Experimental archaeologists often seek similar ethnographic studies when designing and preparing experiments. Observing how contemporary traditional artisans work, along with the materials and tools they use, provides invaluable insights to those who want to understand crafts and tools used in the ancient past. While contemporary artisans’ tools may have been modernised, being able to see the motions of the artisan’s hands, the sequences in which an object is made, and the choices made by the artisan all contribute to a more complete visualisation of crafts as they could have been performed in the past.
The Journal of Ethnoarchaeology fills this need. The journal publishes peer-reviewed research that combines ethnographic and anthropological research with experimental archaeology that furthers the exploration of the material culture of the past. The journal’s mission is to provide a platform for current research and projects through articles, reviews, and editorials. The Journal of Ethnoarchaeology provides a platform for broad and inclusive theoretical and methodological studies within the fields of ethnoarchaeology, ethnography, anthropology, ancient technology and experimental archaeology. The editorial board is diverse with members from North and South America, Europe, Asia, and Australia.

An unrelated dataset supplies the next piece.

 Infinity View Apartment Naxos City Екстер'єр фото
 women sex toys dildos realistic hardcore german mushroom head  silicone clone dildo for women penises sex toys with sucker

While not primarily about experimental archaeology, the Journal of Ethnoarchaeology includes articles that make use of experimental work. Examples of published articles include: experiments undertaken to understand the techniques used to decorate Woodland pottery; the use of replica obsidian tools to shear llama fleeces; and an ethnographic study where the authors interviewed and worked with traditional potters in Turkey in order to engage with them in experimental work and replicate Urartian red ware pottery.
Other subject matter, such as the decline of use of stone tools in preference to iron, or an article on the changes in local economies in Ethiopia, give further insight into the dynamics of how craft technology is closely tied to discrete cultures. By taking into account the wide-range of factors that contribute to cultural change, researchers in experimental archaeology can use these ethnographic studies as a model to understand technological changes in the ancient past. The articles in the journal will also be of interest to directors of open air museums. Researchers can gain insight into how living societies use and organize space for working at crafts, and how space is inhabited in daily life, thus providing alternative models as to how space could have been used in the past.
Issues of the Journal of Ethnoarchaeology include a variety of book and media reviews that cover subjects as wide-ranging as cooking, ritual, textiles, and tool making. These reviews are also a great resource for archaeologists who are looking for additional reference material for their own research and experiments.
Ethnoarchaeology is published twice a year and assembled into an annual volume.